Short text fragments from websites
Segment Open

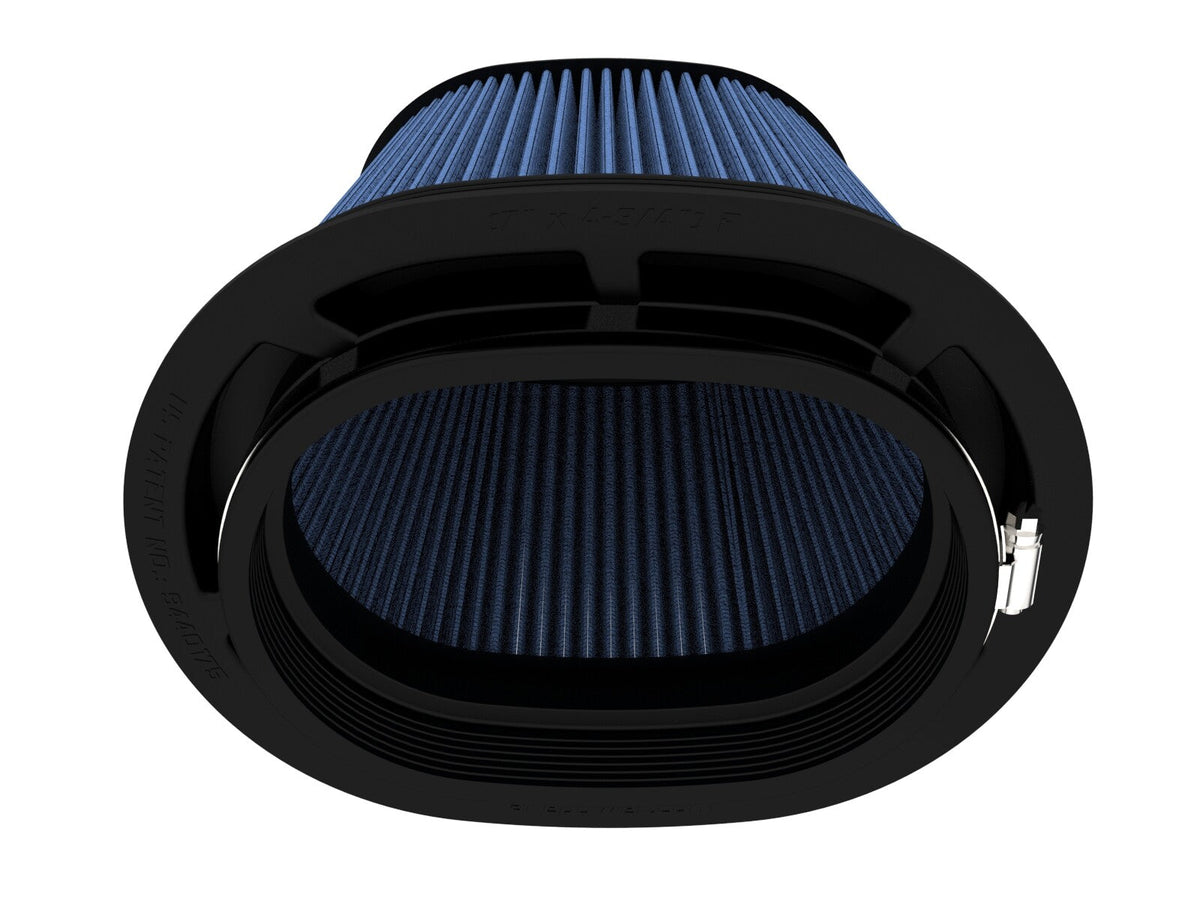 Momentum Intake Replacement Air Filter w/ Pro 5R Media (7x4-3/4) Inch F x (9x7) Inch B x (7-1/4x5) Inch T (Inverted) X 8 Inch H aFe Power aFe Power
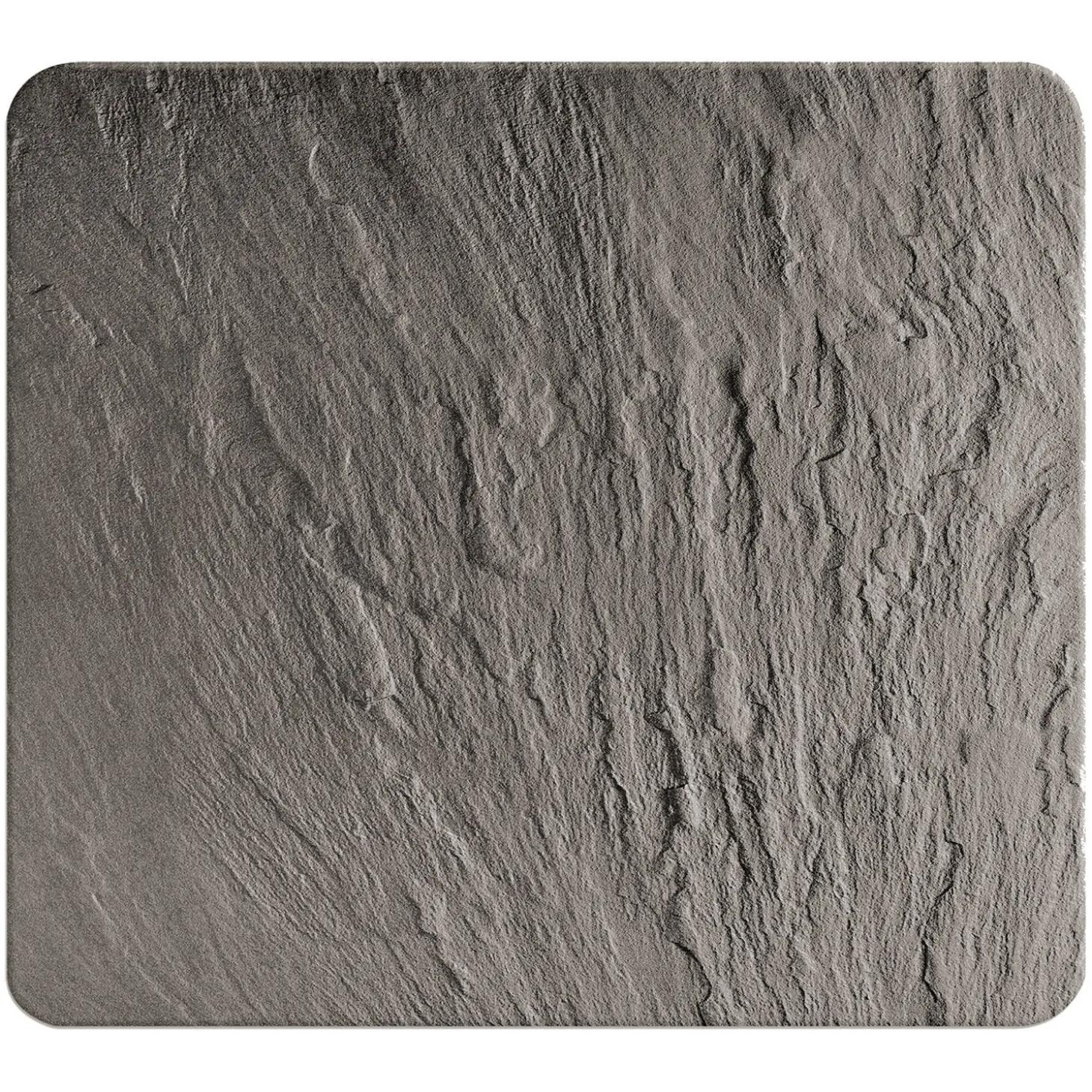 Glas-Abdeckplatte Multi – Schiefer-Optik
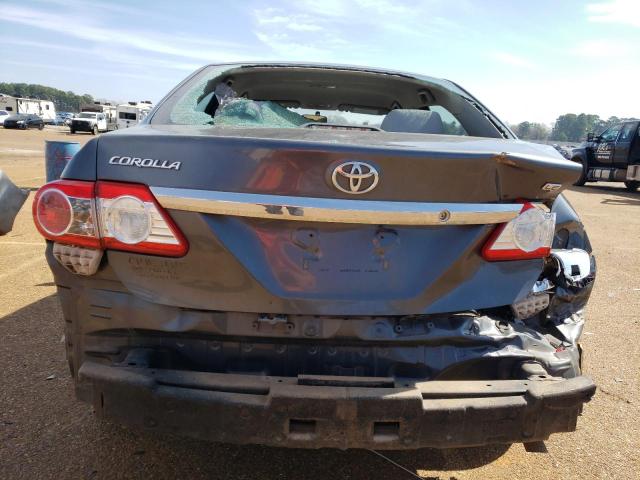 Photo 6 from auction – 2011 TOYOTA COROLLA BA with VIN 2T1BU4EEXBC742519
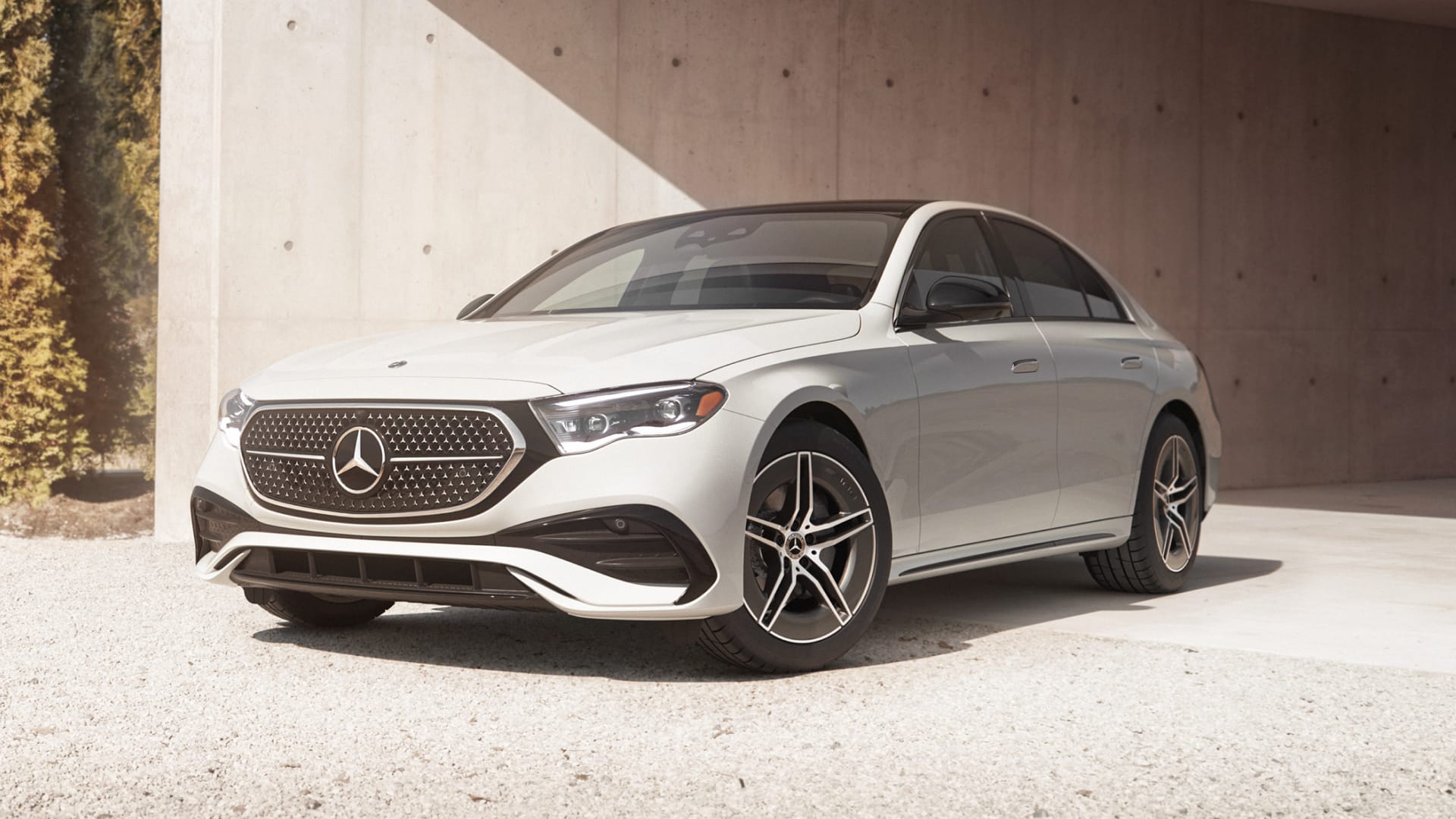 Mercedes-Benz E-Class, мерседес е класс
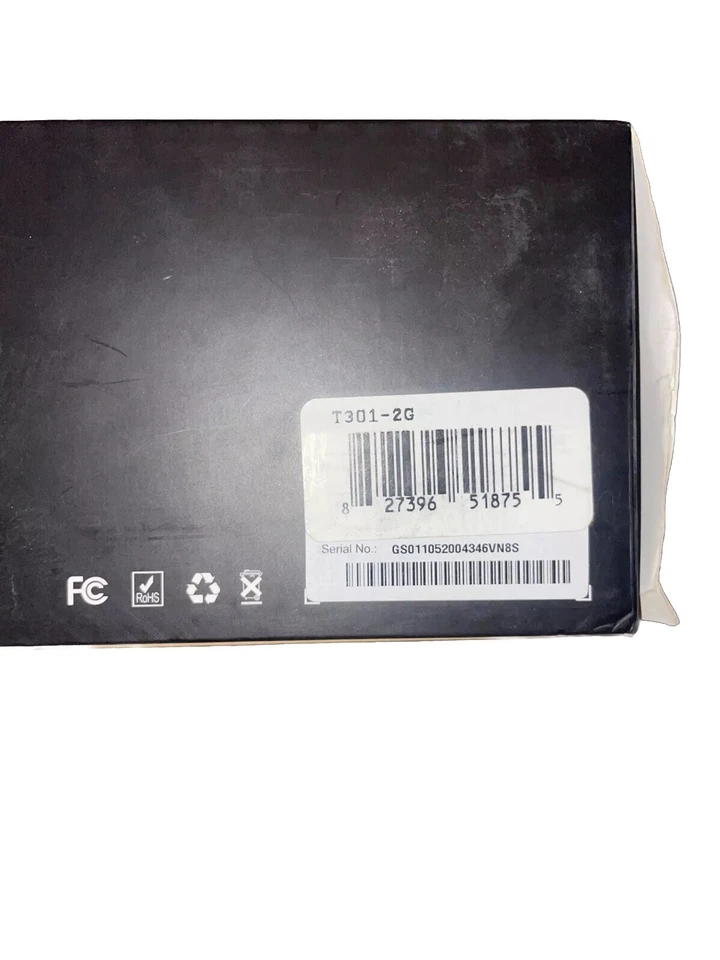 Velocity Micro T301 Cruz 7-Inch Android 2.0 Tablet (Black) Brand New Sealed - Image 3 of 4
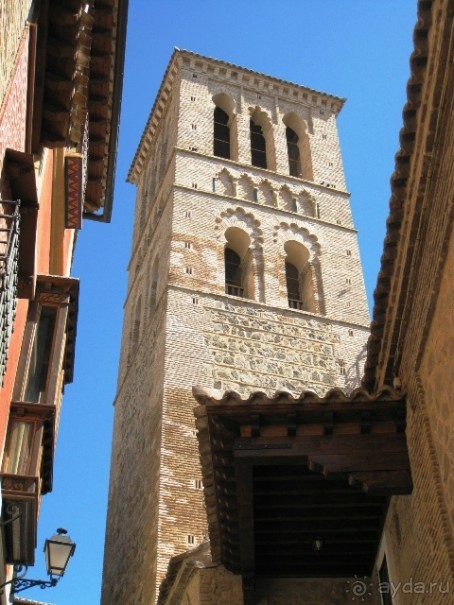 Уикенд близ Мадрида (Алькала де Энарес и Толедо). Часть ІІ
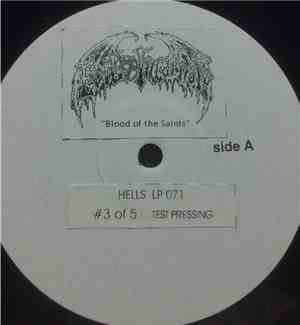 Evil Incarnate - Blood Of The Saints
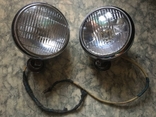 GAZ-21. Fog lamps, photo number 2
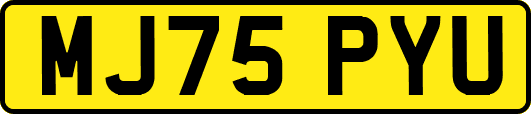 MJ75PYU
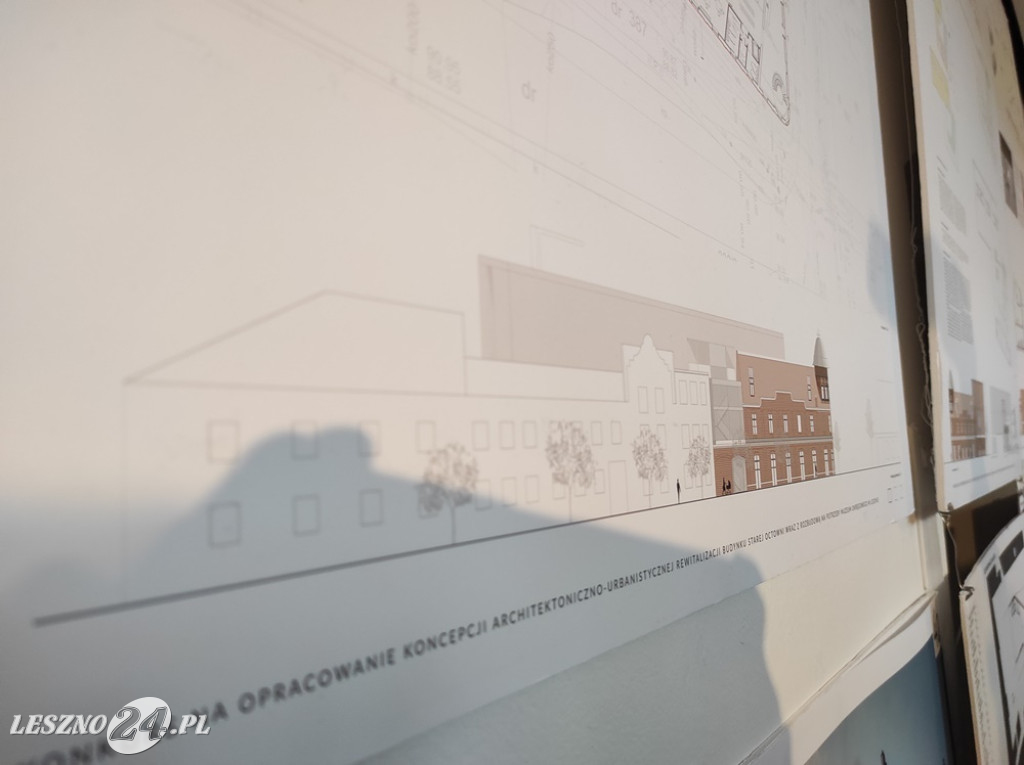 Rewitalizacja dawnej Octowni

Segment Closed

**What needs to be done**: Find the line with "Mercedes-Benz E-Class, мерседес е класс". Return it and each line after it through the end of the data, exactly, without pictures.

**Task solution**:
 Mercedes-Benz E-Class, мерседес е класс
 Velocity Micro T301 Cruz 7-Inch Android 2.0 Tablet (Black) Brand New Sealed - Image 3 of 4
 Уикенд близ Мадрида (Алькала де Энарес и Толедо). Часть ІІ
 Evil Incarnate - Blood Of The Saints
 GAZ-21. Fog lamps, photo number 2
 MJ75PYU
 Rewitalizacja dawnej Octowni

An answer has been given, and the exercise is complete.